Nothing but the lines below from the one with "Lit mezzanine en" through the one with "hand2mind Luna The" should be output, each exactly as given, and no pictures.

→ SUPPLIED MATERIAL:
● ● ● ● ●

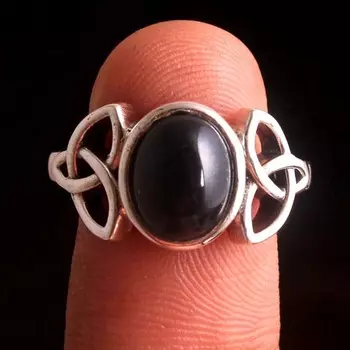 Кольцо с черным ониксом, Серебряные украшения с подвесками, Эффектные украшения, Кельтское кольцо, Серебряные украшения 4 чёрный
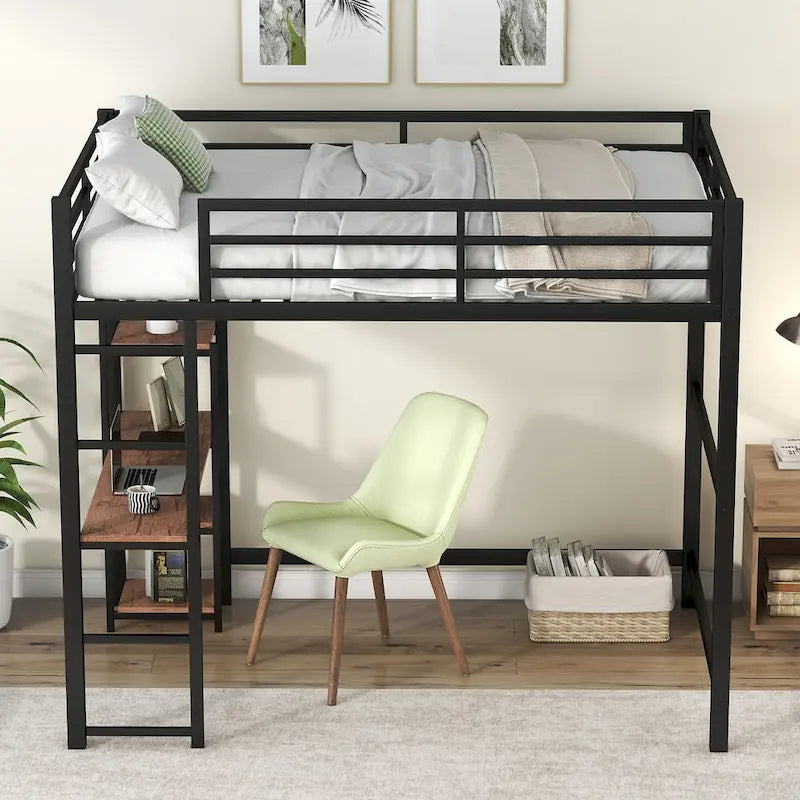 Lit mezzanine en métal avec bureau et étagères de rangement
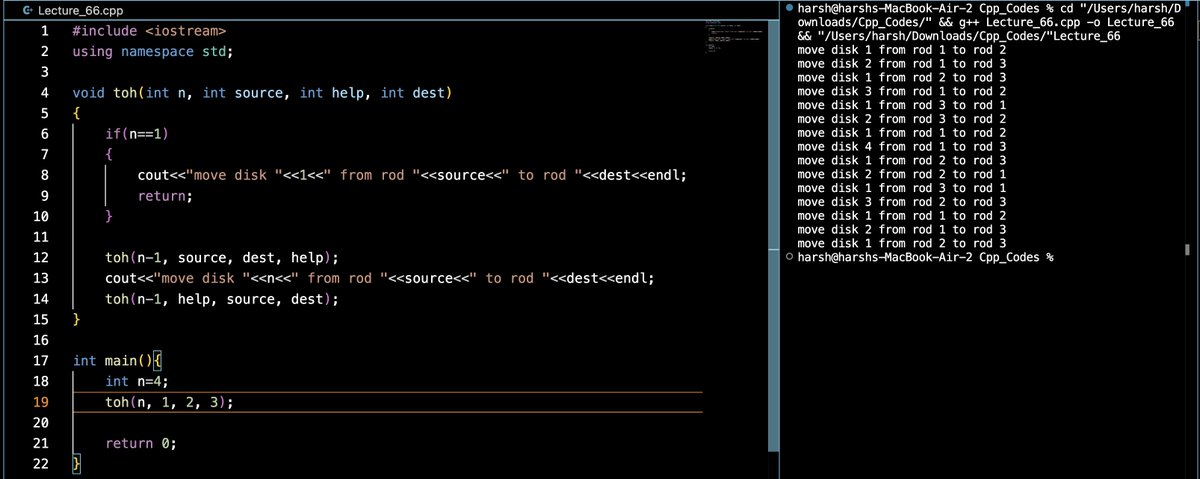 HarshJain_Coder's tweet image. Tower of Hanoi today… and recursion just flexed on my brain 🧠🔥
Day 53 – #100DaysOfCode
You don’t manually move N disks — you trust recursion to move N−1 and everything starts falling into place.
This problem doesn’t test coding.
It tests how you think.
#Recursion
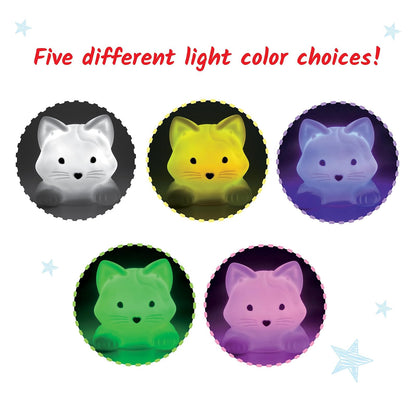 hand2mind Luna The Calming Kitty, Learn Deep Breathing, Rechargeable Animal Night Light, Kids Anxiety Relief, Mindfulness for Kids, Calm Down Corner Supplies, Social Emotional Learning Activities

● ● ● ● ●

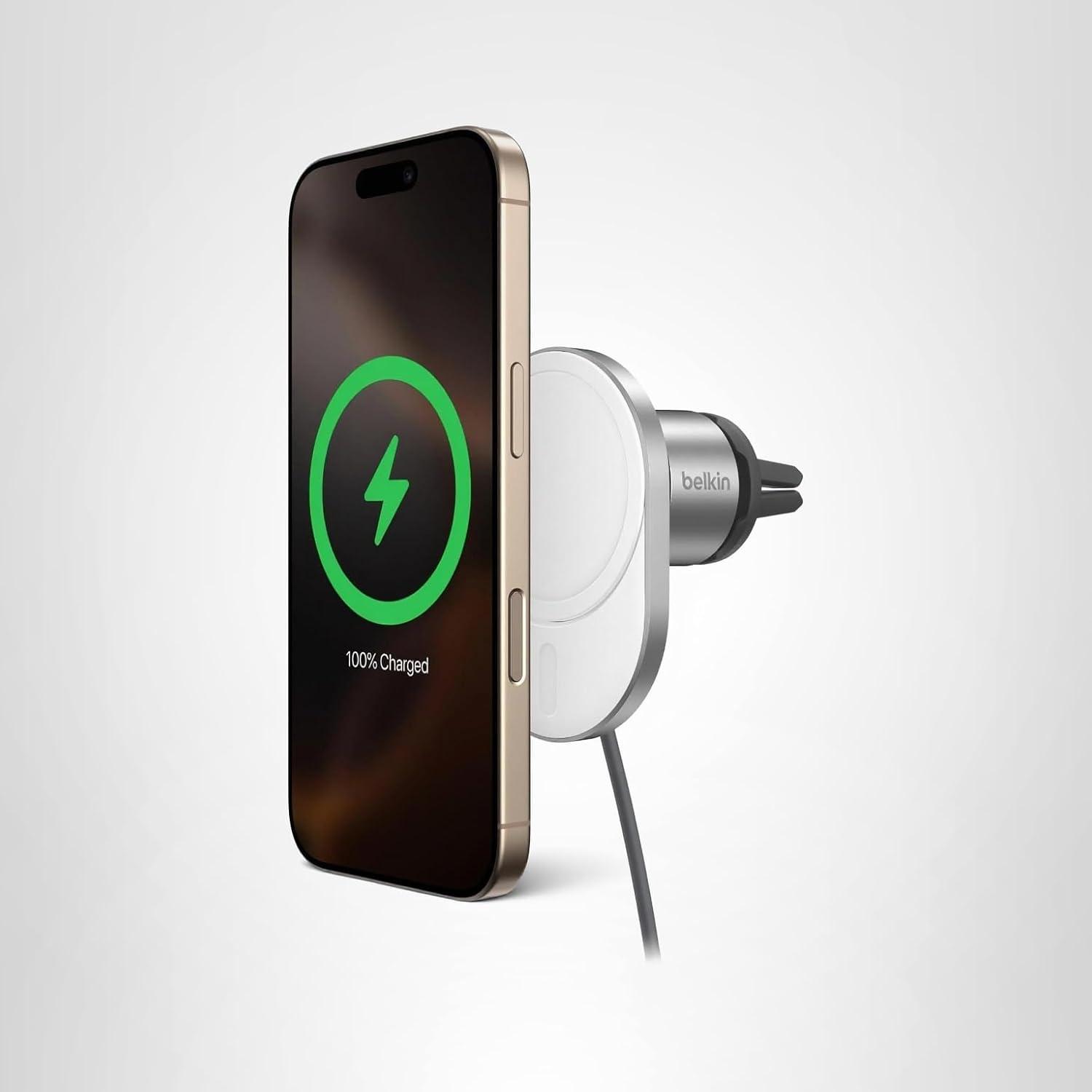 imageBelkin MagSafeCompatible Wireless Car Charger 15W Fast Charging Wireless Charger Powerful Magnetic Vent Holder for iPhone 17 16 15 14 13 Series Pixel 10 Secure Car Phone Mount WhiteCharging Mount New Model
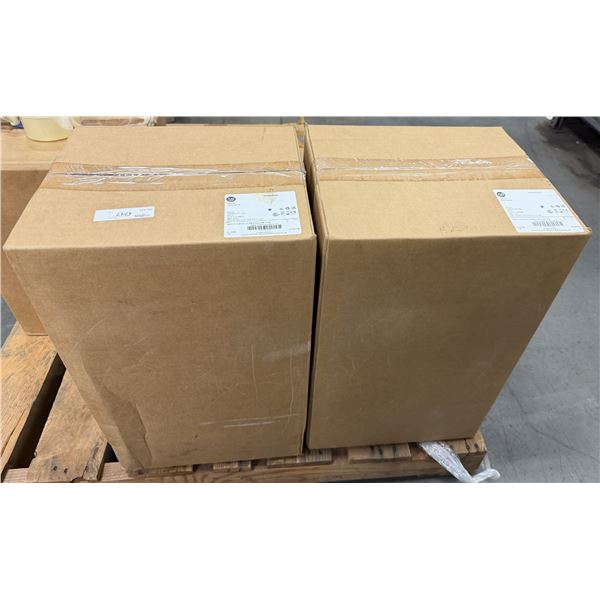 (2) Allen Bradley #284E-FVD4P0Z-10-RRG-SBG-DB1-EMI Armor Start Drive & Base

● ● ● ● ●

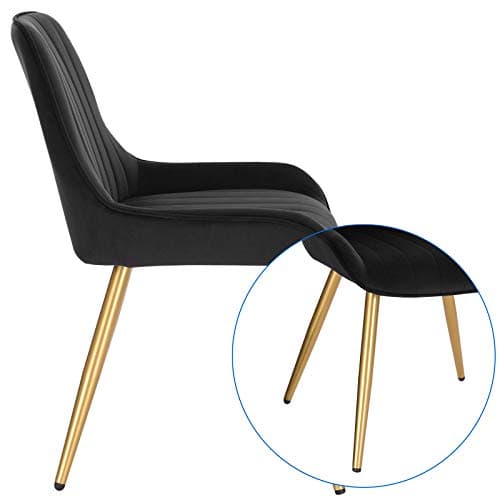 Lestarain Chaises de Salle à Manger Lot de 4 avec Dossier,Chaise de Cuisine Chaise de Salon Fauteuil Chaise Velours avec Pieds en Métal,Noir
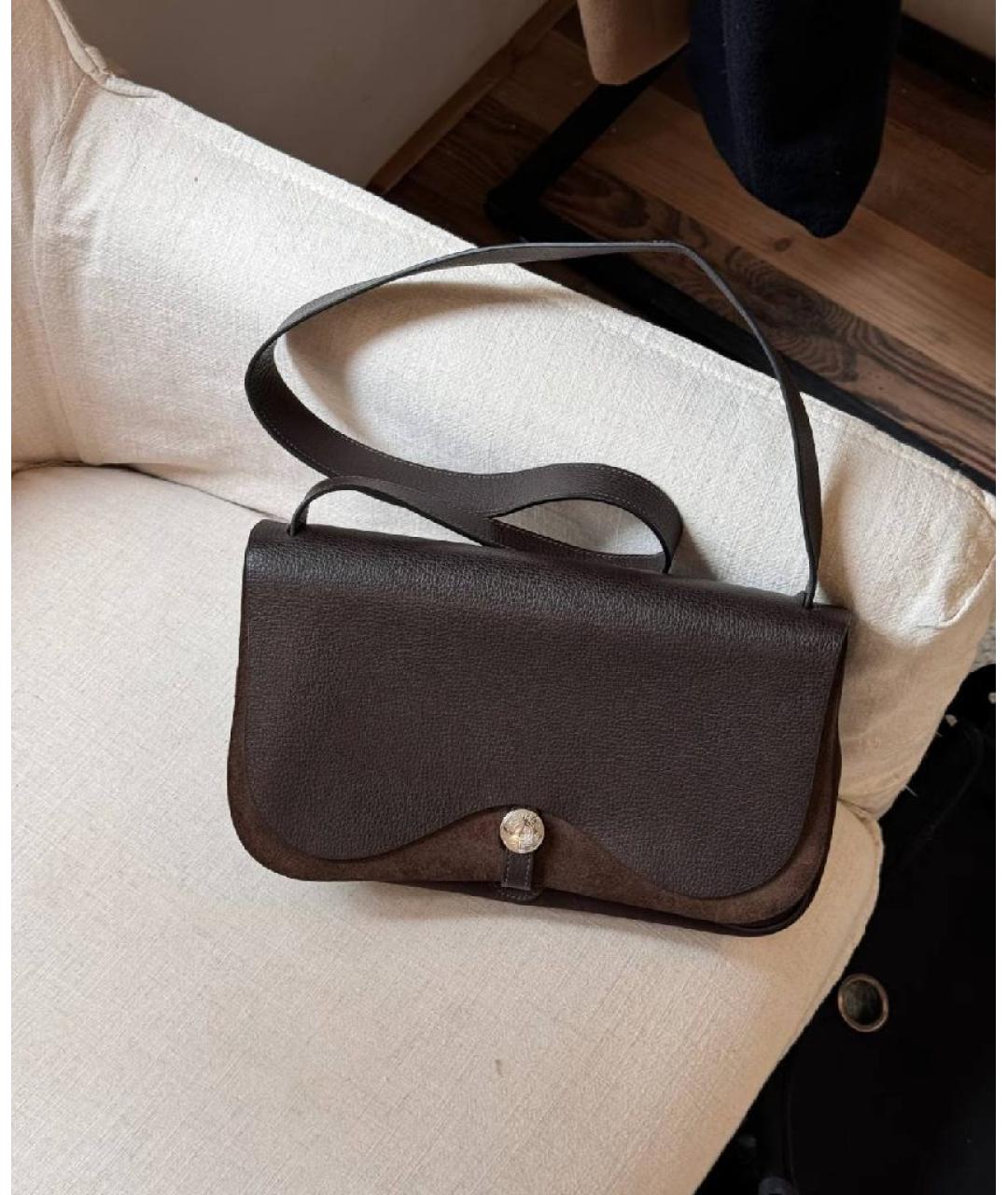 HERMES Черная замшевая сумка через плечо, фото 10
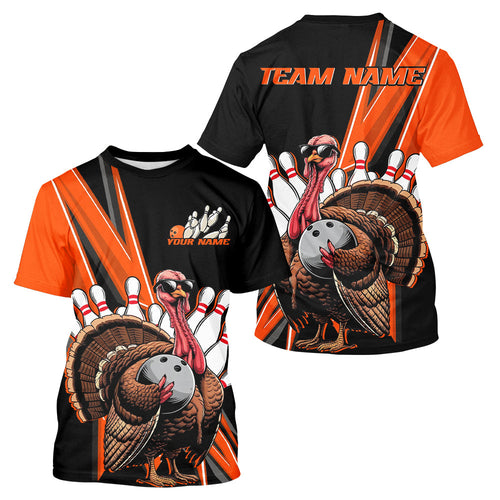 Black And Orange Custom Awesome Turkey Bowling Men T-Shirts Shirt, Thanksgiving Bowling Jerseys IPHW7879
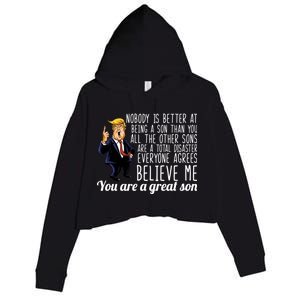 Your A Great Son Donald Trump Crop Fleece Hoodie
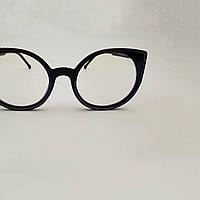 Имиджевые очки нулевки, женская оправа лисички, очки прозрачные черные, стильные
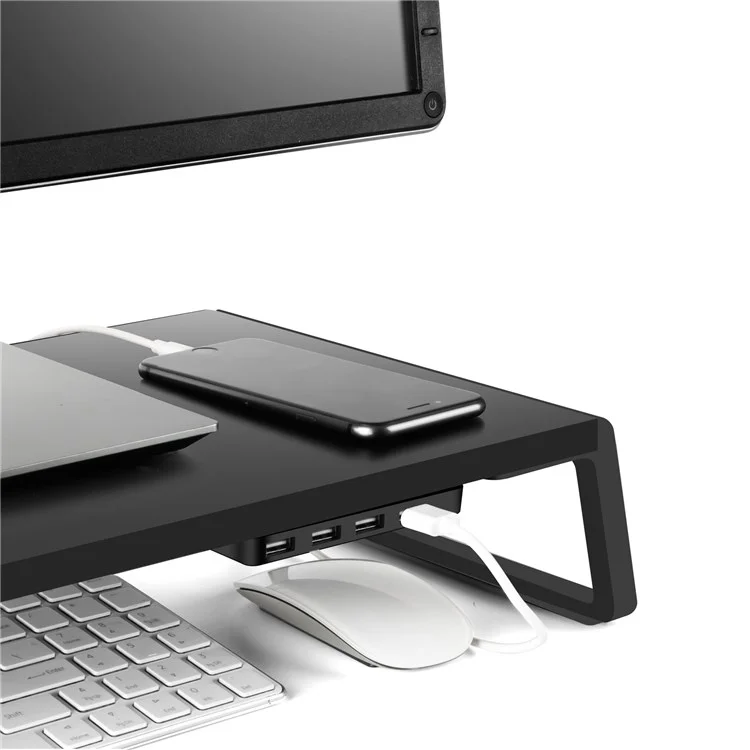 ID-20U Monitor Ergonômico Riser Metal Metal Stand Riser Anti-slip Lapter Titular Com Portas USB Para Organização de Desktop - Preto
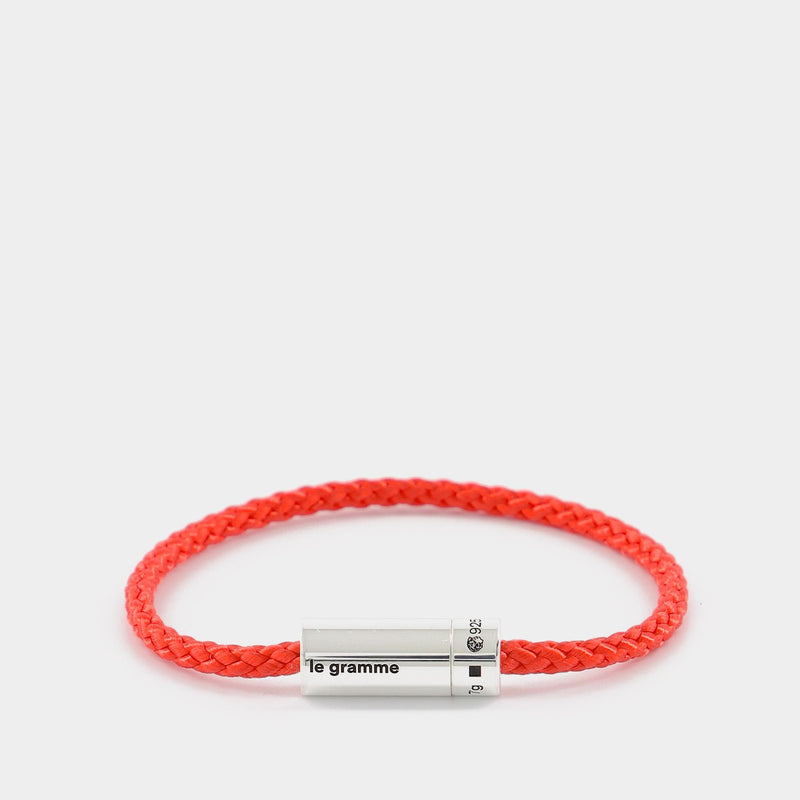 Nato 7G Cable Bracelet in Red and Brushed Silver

● ● ● ● ●

→ ANSWER BOX:
 Lit mezzanine en métal avec bureau et étagères de rangement
 HarshJain_Coder's tweet image. Tower of Hanoi today… and recursion just flexed on my brain 🧠🔥
Day 53 – #100DaysOfCode
You don’t manually move N disks — you trust recursion to move N−1 and everything starts falling into place.
This problem doesn’t test coding.
It tests how you think.
#Recursion
 hand2mind Luna The Calming Kitty, Learn Deep Breathing, Rechargeable Animal Night Light, Kids Anxiety Relief, Mindfulness for Kids, Calm Down Corner Supplies, Social Emotional Learning Activities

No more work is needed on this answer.